Suppose there is no air trapped in the syringe. When you put small amount of weight on the pan, the piston stays in its position. If you pull the piston down and release, it will be pushed up because the force by the atmosphere is more than the weight you put. But if the weight is equal to the force by the atmosphere, and you pull the piston little bit and release, the piston will stay wherever it is released. By measuring the inner area of cross section of the syringe, you can get the atmospheric pressure by the formula Atmospheric Pressure = Weight/Area.
You need a syringe with one end closed and very little air trapped in it, an identical extra syringe, support system for keeping the syringe fixed in vertical position, a pan suspended from the lower end of the syringe barrel, known weights.

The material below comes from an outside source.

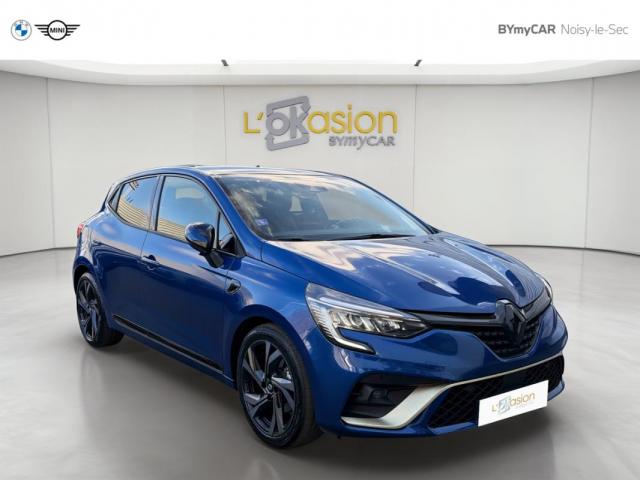 Renault Clio image 2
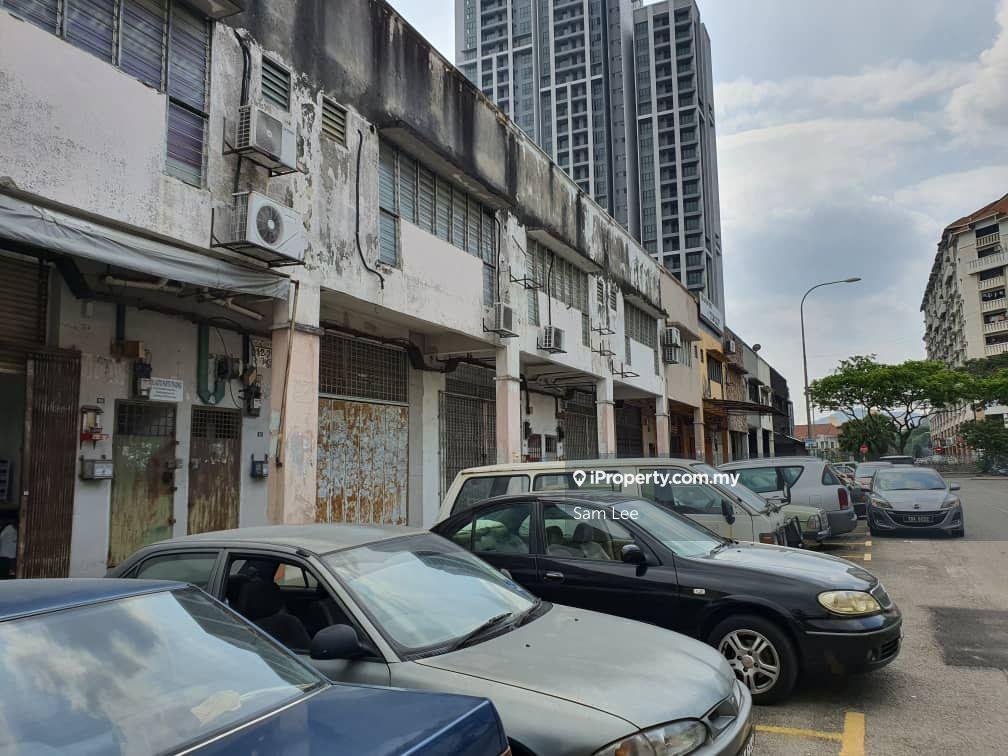 Kilang Teres untuk Dijual di Sri Edaran Light Industry Park, Kepong oleh Sam Lee - iProperty.com.my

Find the inner cross sectional area of the syringe. The weight required is definitely more than 1/2 kg-wt. So put 1/2 kg weight on the pan. Because of little air trapped, the piston might come down little bit. From here pull the barrel little bit and release. If it goes up, you need to put more weight. Use smaller weights to find the position where the piston stays wherever it is left. Try to get this situation correctly.
You might find that even if you make small variation in weight the piston behaves similarly and stays wherever it is left. This is due to friction. Find the range of weights for which this situation occurs. Use the mean weight and calculate the atmospheric pressure.
Questions: Due to the trapped air in the syringe do you expect the measured atmospheric pressure to be more or less than the actual value? Can you estimate this error in percentage.